「ブラックスワン」とは、ある日突然やってくる予想外の現象を指します。
言葉の語源は、1697年にオーストラリアで黒色のアヒルが発見されたことです。それまでヨーロッパで白鳥は全て白色だと信じられていたため、当時の鳥類学者たちの定説が大きく崩れました。
この出来事が発端となり、金融の世界でも突然の大暴落のことをブラックスワンと呼ぶようになったのです。
そこで今回はブラックスワンの事例と株式市場への影響、投資家はどのように対応すべきか、それぞれ考察していきたいと思います。
ブラックスワンと投資家の心理
ブラックスワンは投資家の心理に大きな影響を与えます。
予測不可能な出来事や市場の不安定性が増すブラックスワンがやってくると、多くの投資家は不安や恐怖を感じます。特に投資家は「先行きの不透明さ」を最も嫌うため、この恐怖心は株価の急落や経済の停滞などの要因となる可能性が高まるのです。

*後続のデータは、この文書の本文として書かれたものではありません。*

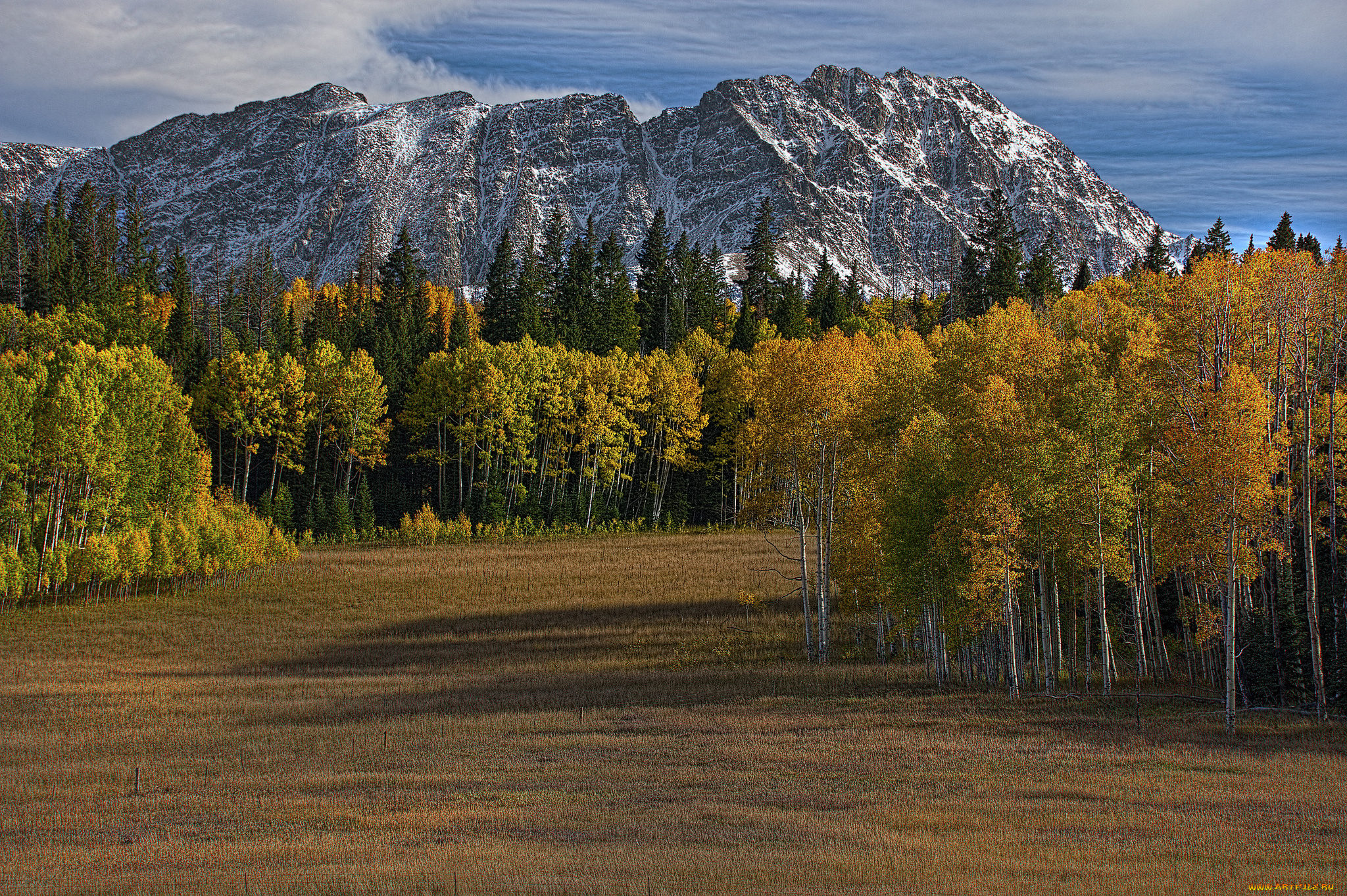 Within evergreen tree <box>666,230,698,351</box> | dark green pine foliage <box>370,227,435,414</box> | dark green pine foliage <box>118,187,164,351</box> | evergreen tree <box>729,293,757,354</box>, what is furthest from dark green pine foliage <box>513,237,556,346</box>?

金融の世界にはVIX(恐怖指数)と呼ばれる指数があり、一般的に20を超えるとマーケットに対する警戒感が高まったことを意味しますが、直近のVIXのピークはコロナ禍の2020年3月20日です。このときVIXは66.04まで上昇しましたが、当時、金融市場全体にパニックが広がり、株価の急落や損失を恐れた群集心理によって、投資家が一斉に売り注文が出したことが、VIX指数からも見えてきます。

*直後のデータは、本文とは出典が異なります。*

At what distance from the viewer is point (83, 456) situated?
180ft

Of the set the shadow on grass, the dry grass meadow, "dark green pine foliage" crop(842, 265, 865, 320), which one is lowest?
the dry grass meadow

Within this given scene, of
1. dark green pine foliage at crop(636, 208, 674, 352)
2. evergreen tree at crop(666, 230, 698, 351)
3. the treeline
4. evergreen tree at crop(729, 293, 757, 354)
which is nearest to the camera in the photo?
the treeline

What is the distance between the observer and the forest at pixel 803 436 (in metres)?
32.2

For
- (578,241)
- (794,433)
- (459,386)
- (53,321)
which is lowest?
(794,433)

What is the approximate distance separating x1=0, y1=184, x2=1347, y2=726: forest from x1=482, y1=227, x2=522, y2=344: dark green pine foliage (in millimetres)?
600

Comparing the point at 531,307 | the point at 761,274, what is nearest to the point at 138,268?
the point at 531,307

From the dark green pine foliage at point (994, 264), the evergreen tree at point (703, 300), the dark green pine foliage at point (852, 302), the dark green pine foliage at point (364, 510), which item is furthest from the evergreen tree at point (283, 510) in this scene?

厳しい状況下で冷静な判断がいかに難しいのか、実感した投資家も多いのではないでしょうか。
2000年以降に発生したブラックスワン
次に2000年以降に発生したブラックスワンについて見ていきましょう。
【ドットコムバブル崩壊(1999-2001年)】
米国を中心にインターネット関連企業の株式が急騰し、投資家たちの間で「ドットコムバブル」と呼ばれる状況が形成されました。このバブルは短期間で急落し、多くのインターネット企業が破綻しました。この影響は株式市場全体に広がり、やがて世界的な不況へとつながっていきました。
【サブプライム・ショック(2007-2009年)】
サブプライム・ショックは、アメリカ合衆国の住宅バブル崩壊による一連の世界的な金融・経済危機のことをいいます。

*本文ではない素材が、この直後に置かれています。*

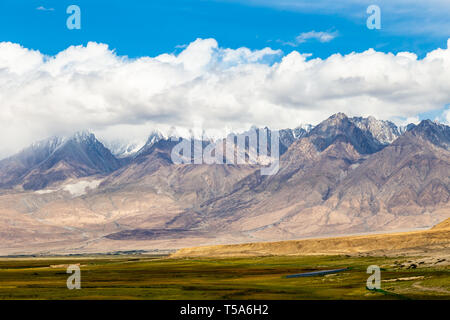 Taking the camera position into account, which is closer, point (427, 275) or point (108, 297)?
point (108, 297) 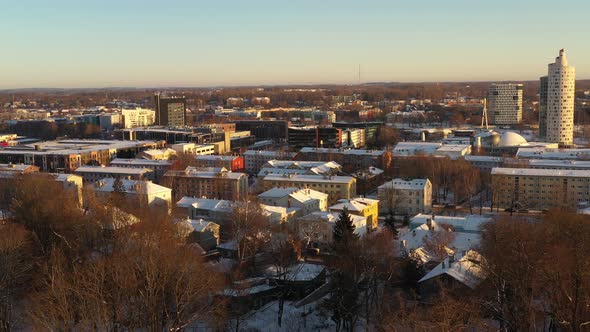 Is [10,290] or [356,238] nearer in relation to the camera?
[10,290]

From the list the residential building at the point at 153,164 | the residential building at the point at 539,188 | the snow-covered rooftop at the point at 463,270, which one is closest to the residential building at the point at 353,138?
the residential building at the point at 153,164

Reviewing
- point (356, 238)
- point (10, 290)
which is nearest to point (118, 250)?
point (10, 290)

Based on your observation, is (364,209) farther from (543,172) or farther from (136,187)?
(543,172)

2007年から2009年にかけて、主に米国のサブプライムローンの焦付(不良債権化)とその証券化商品の価格暴落によって、世界の金融市場と各国経済を大きく混乱させる原因になったのです。金融危機の拡大により多くの金融機関が破綻し、世界中の株式市場に大きな影響を与えました。
【チャイナ・ショック(2015年)】
2015年6月に中国株式市場で急激な株価下落が発生しました。
急落直前まで株価が高騰するバブルが続きましたが、これは国営メディアが投資家を煽りハイリスクの信用買いに向かわせたことが要因といわれています。
政府は下落を食い止めようとしましたが、株価は下がり続け、ピークから約30%ほど株価が下がりました。
中国市場に進出している多国籍企業も影響を受け、世界同時株安の要因になりました。
【新型コロナウイルス(2020年)】
新型コロナウイルスのパンデミックは、世界的な健康と経済の両方に深刻な危機を引き起こしました。感染拡大による封鎖措置や企業活動の停滞などが株式市場に大きな影響を与え、急激な株価の下落や市場の不安定化が見られました。
特に観光関連企業は大打撃を受けた一方、GAFAMなどのハイテク企業が躍進し、現在まで続くリモートワークなどのライフスタイルに大きな影響を与えました。
このように10年に1度以上の確率でブラックスワンによる大暴落が発生しており、その後のトレンドにも影響を与えています。